At the line that holds "Hinh anh thuc", start repeating, and keep going exactly through the final line of the material; include both ends and skip the pictures.
=======
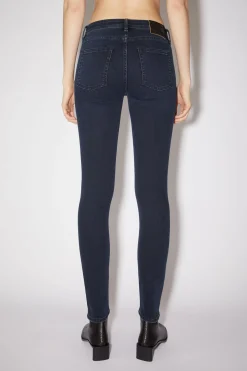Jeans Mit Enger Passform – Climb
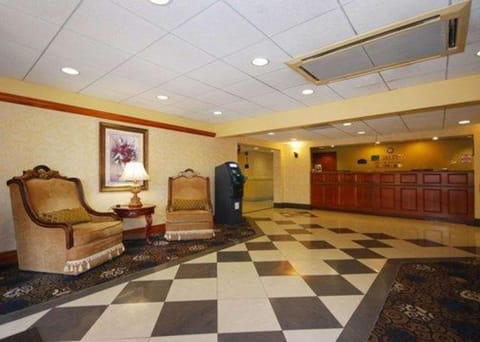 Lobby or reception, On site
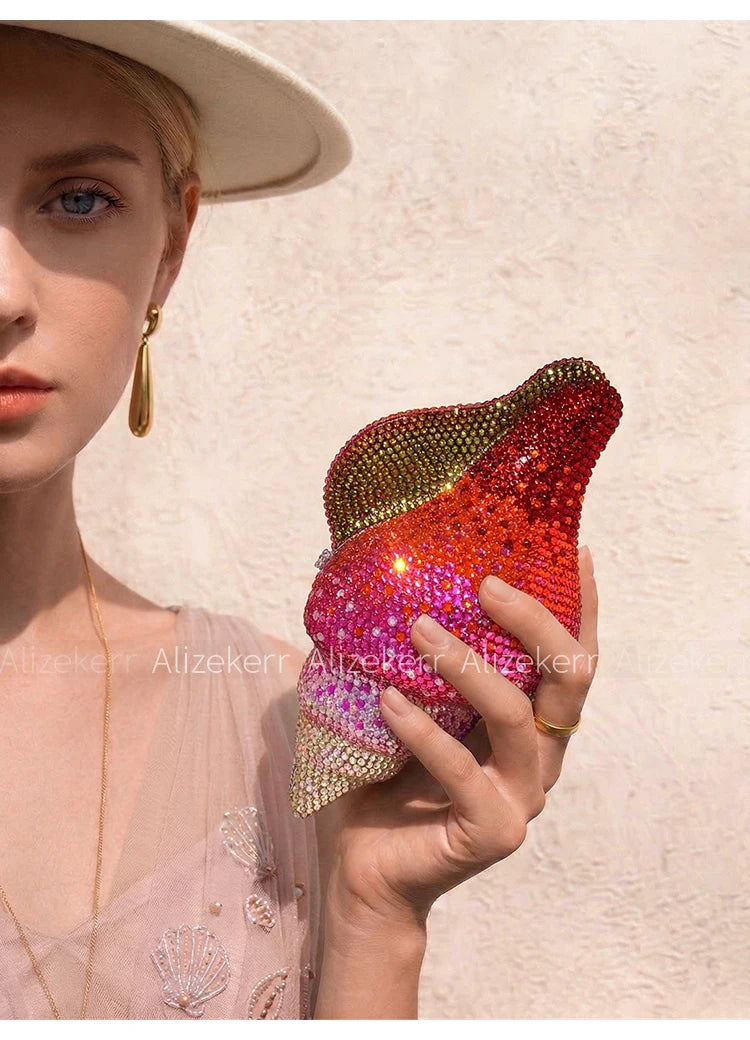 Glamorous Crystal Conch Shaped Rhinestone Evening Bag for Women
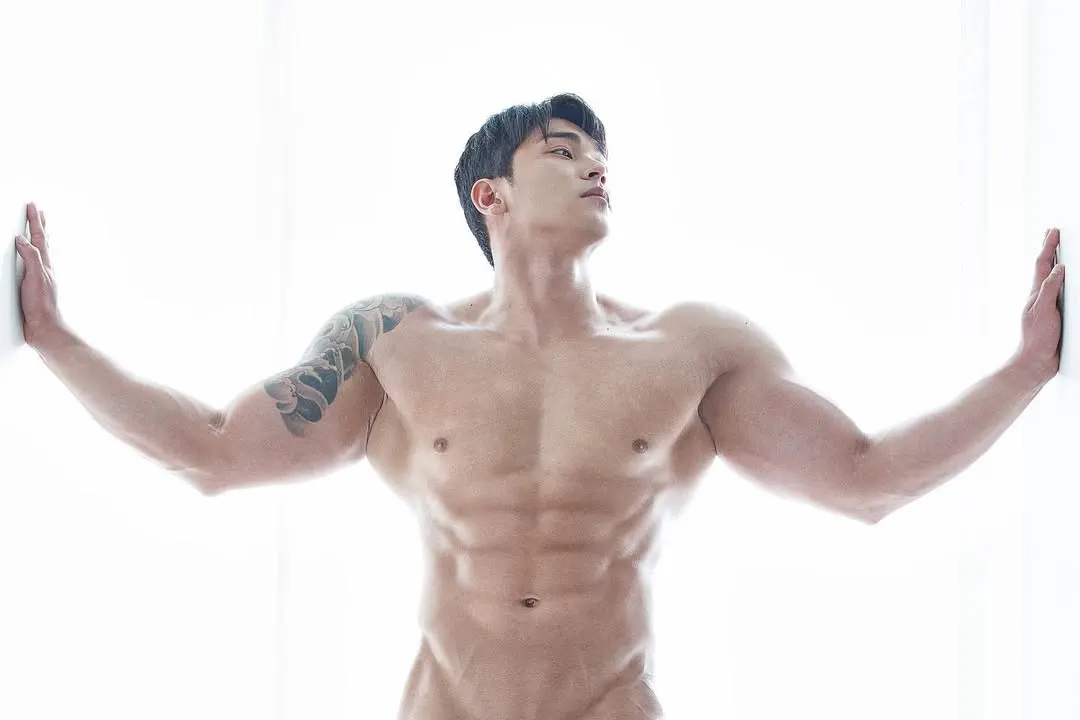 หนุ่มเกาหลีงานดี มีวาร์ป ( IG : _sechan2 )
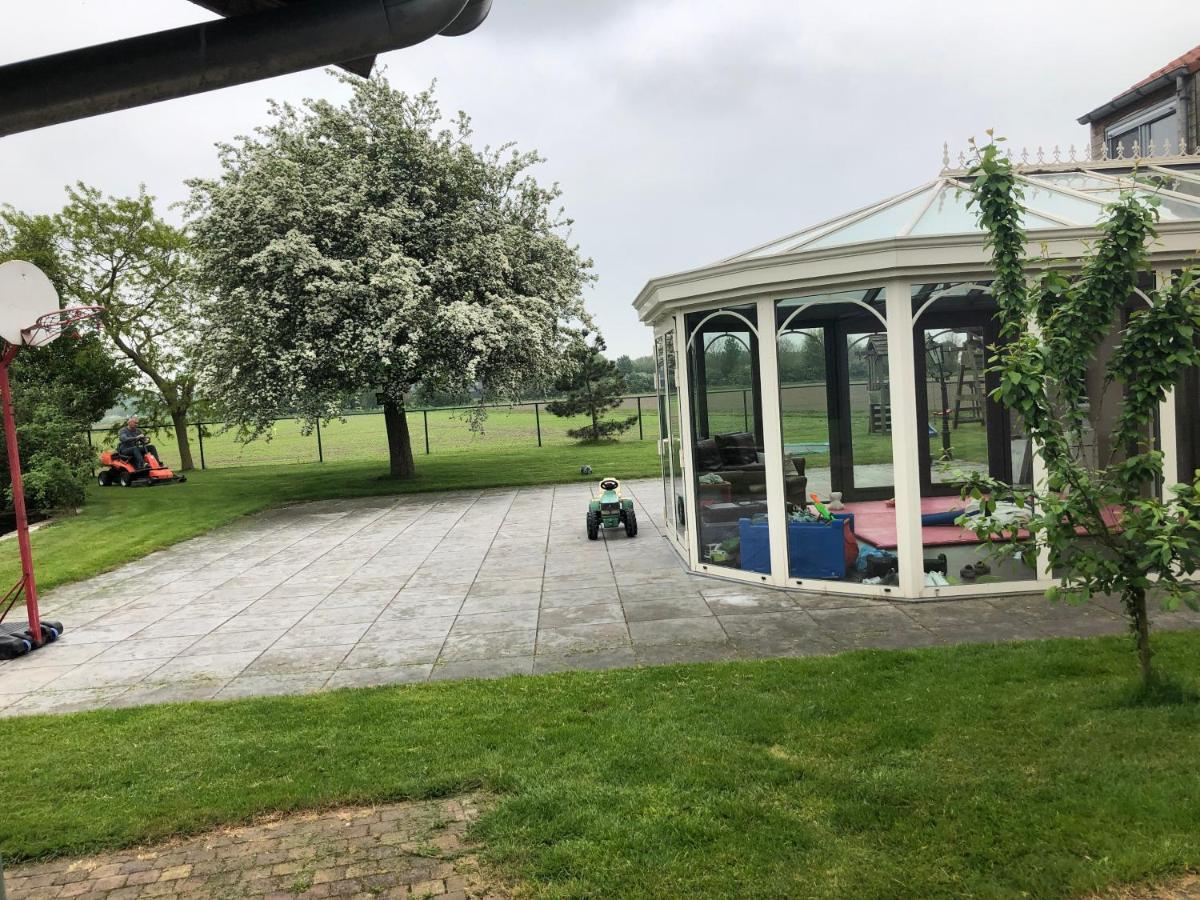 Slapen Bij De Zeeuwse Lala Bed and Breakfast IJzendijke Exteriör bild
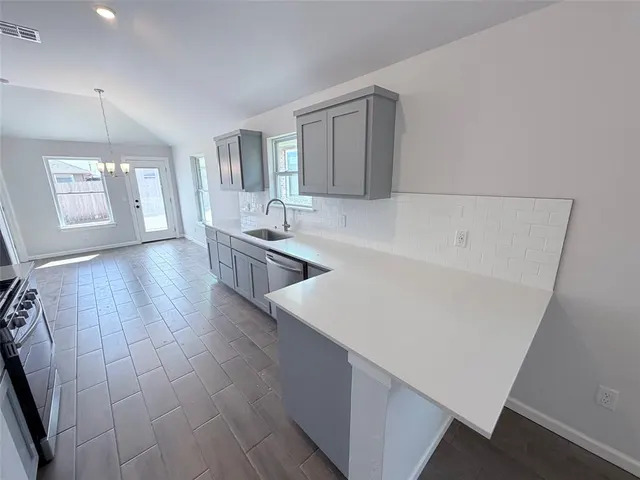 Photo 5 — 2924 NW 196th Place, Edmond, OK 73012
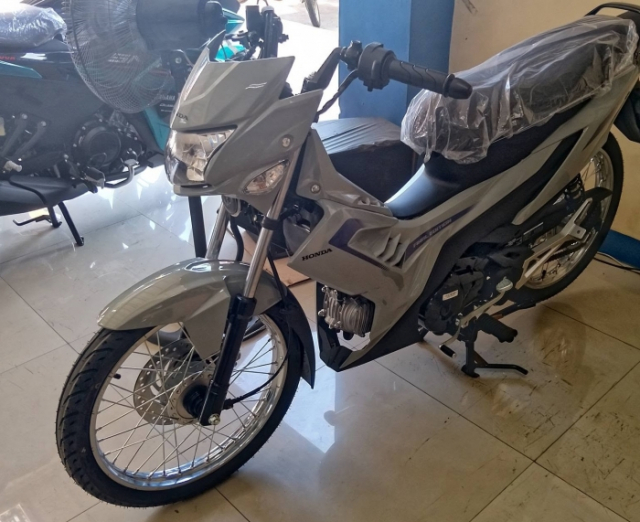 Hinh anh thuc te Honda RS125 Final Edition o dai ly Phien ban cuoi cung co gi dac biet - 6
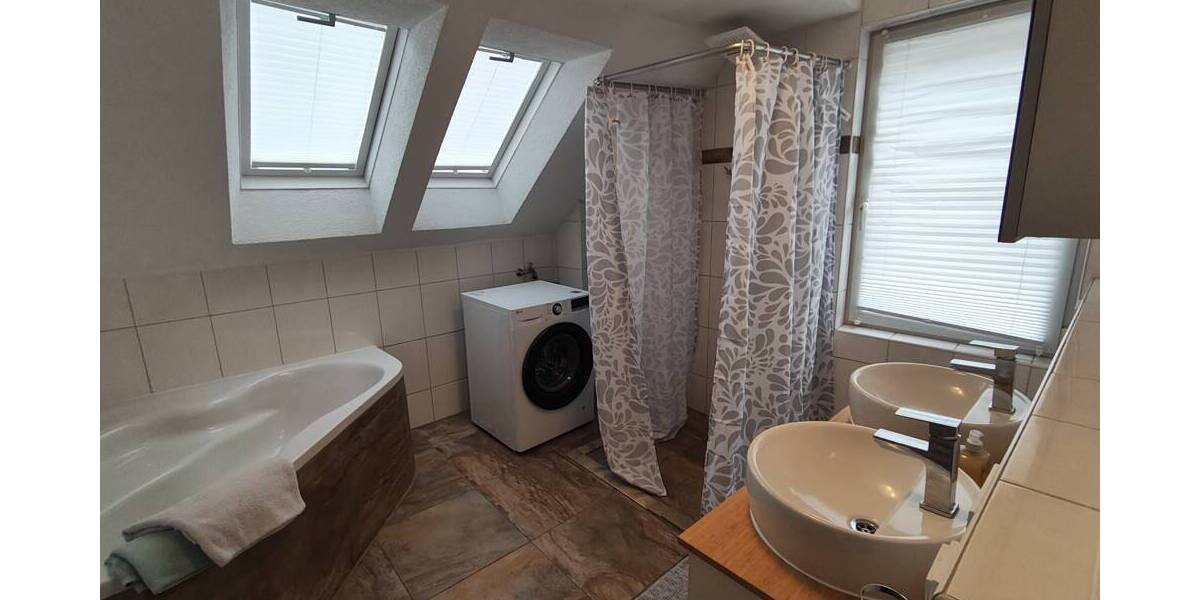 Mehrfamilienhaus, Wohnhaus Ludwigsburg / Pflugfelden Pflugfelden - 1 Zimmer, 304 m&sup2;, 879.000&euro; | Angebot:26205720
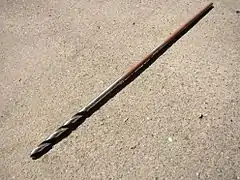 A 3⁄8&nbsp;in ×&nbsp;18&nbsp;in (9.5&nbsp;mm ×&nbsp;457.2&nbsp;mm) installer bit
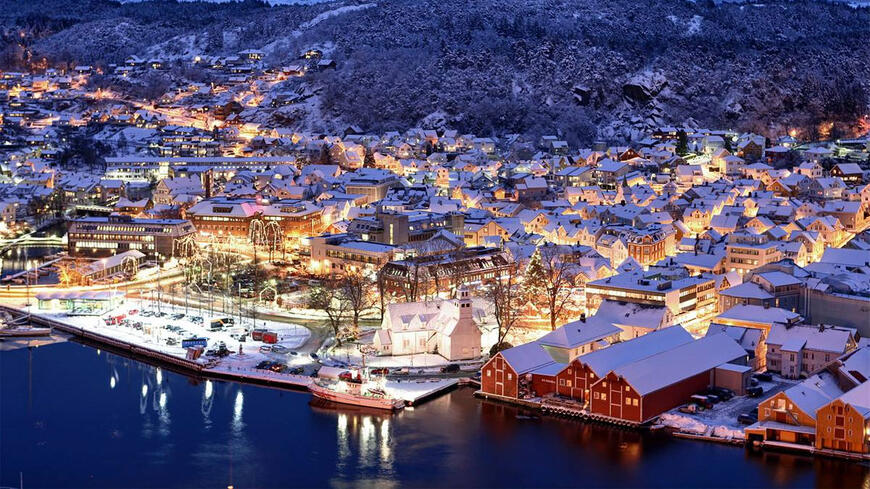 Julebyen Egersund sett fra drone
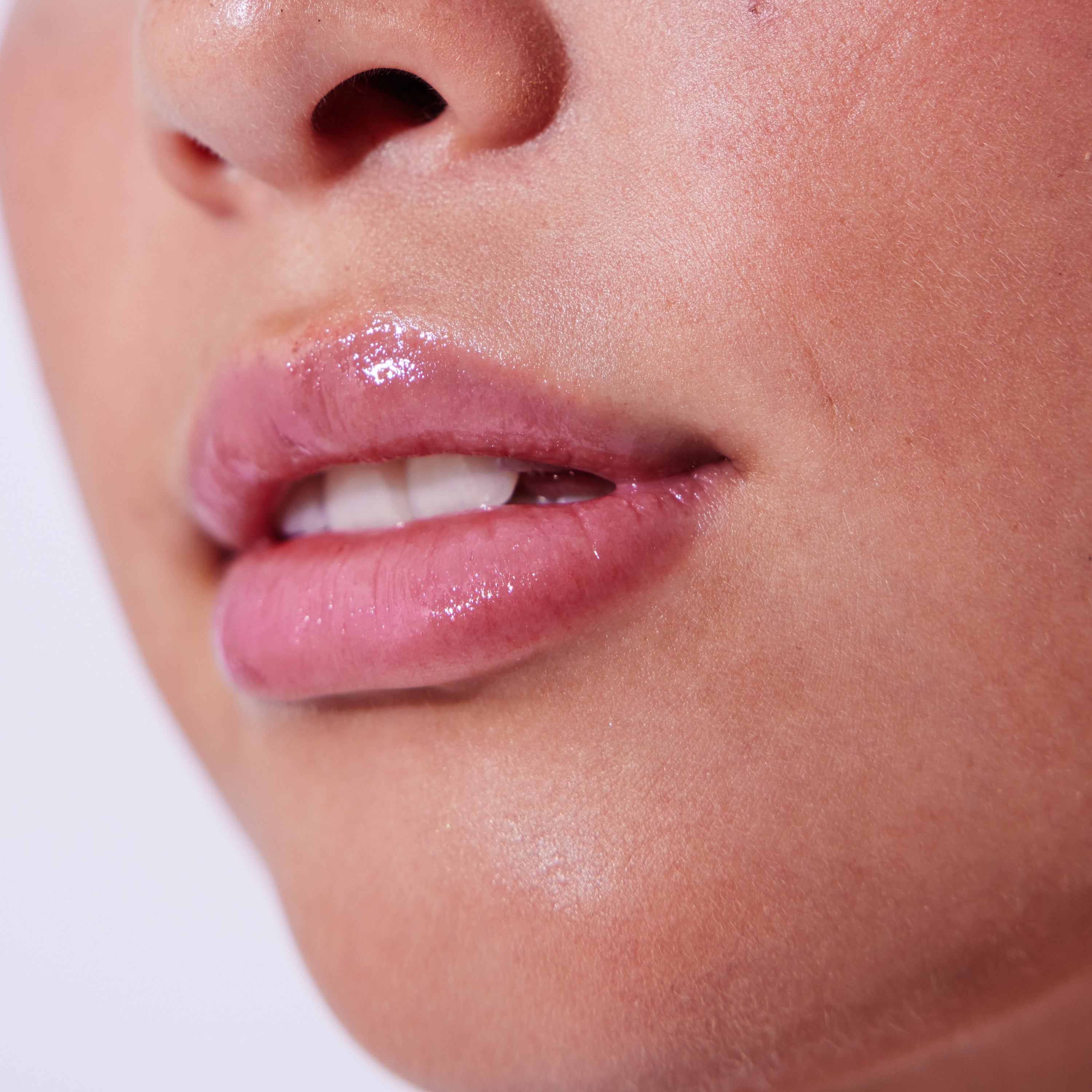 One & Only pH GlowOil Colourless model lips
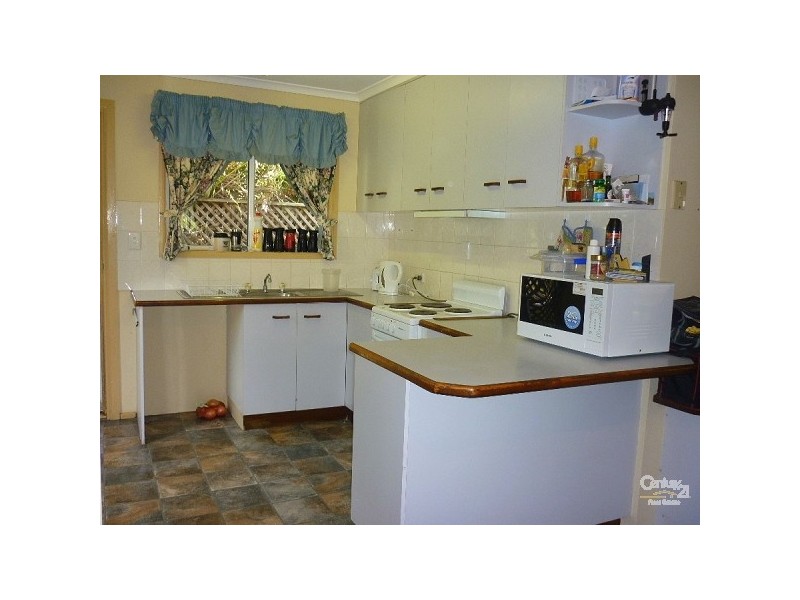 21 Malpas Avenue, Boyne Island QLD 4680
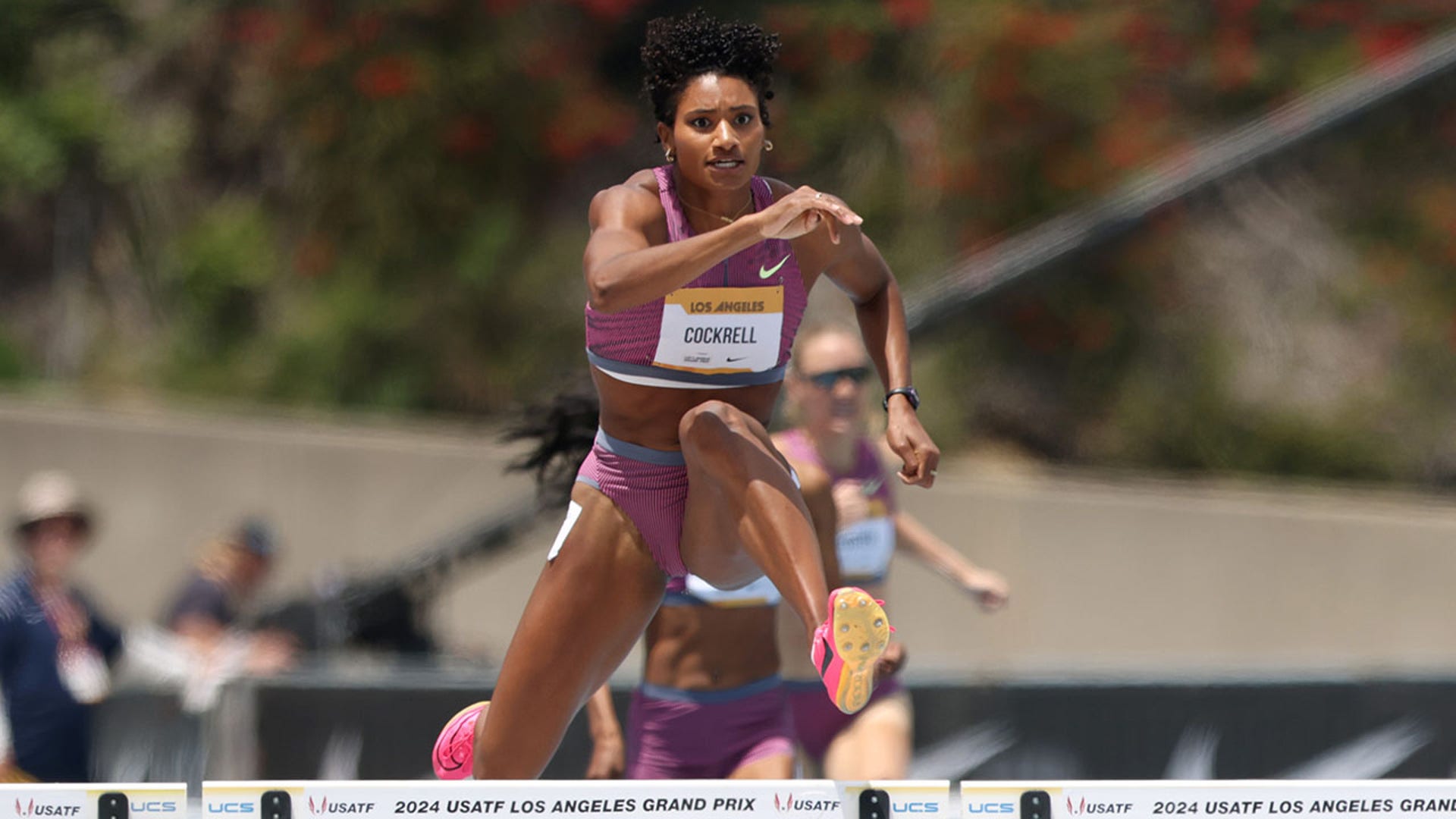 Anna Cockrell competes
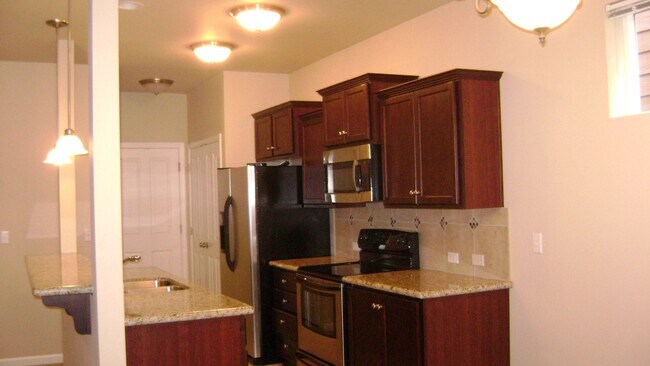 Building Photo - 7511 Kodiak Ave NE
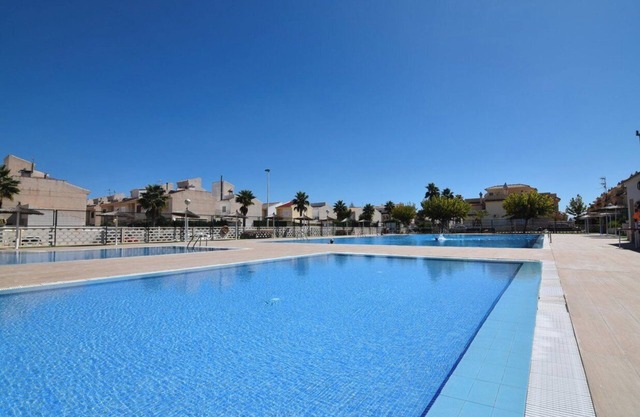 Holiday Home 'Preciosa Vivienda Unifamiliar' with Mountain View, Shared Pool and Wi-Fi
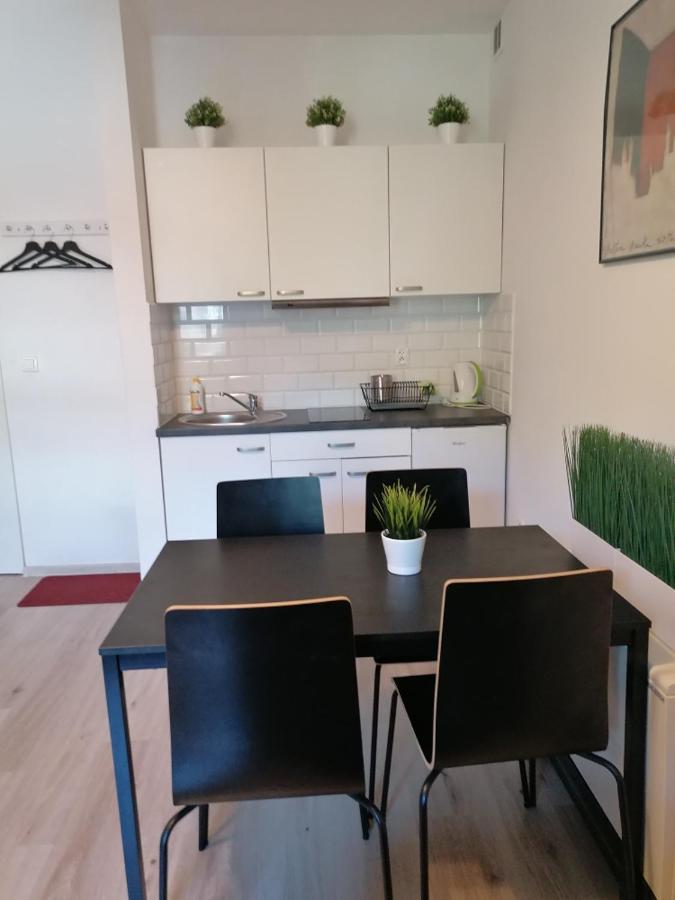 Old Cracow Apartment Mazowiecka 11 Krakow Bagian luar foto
=======
Answer space ::
 Hinh anh thuc te Honda RS125 Final Edition o dai ly Phien ban cuoi cung co gi dac biet - 6
 Mehrfamilienhaus, Wohnhaus Ludwigsburg / Pflugfelden Pflugfelden - 1 Zimmer, 304 m&sup2;, 879.000&euro; | Angebot:26205720
 A 3⁄8&nbsp;in ×&nbsp;18&nbsp;in (9.5&nbsp;mm ×&nbsp;457.2&nbsp;mm) installer bit
 Julebyen Egersund sett fra drone
 One & Only pH GlowOil Colourless model lips
 21 Malpas Avenue, Boyne Island QLD 4680
 Anna Cockrell competes
 Building Photo - 7511 Kodiak Ave NE
 Holiday Home 'Preciosa Vivienda Unifamiliar' with Mountain View, Shared Pool and Wi-Fi
 Old Cracow Apartment Mazowiecka 11 Krakow Bagian luar foto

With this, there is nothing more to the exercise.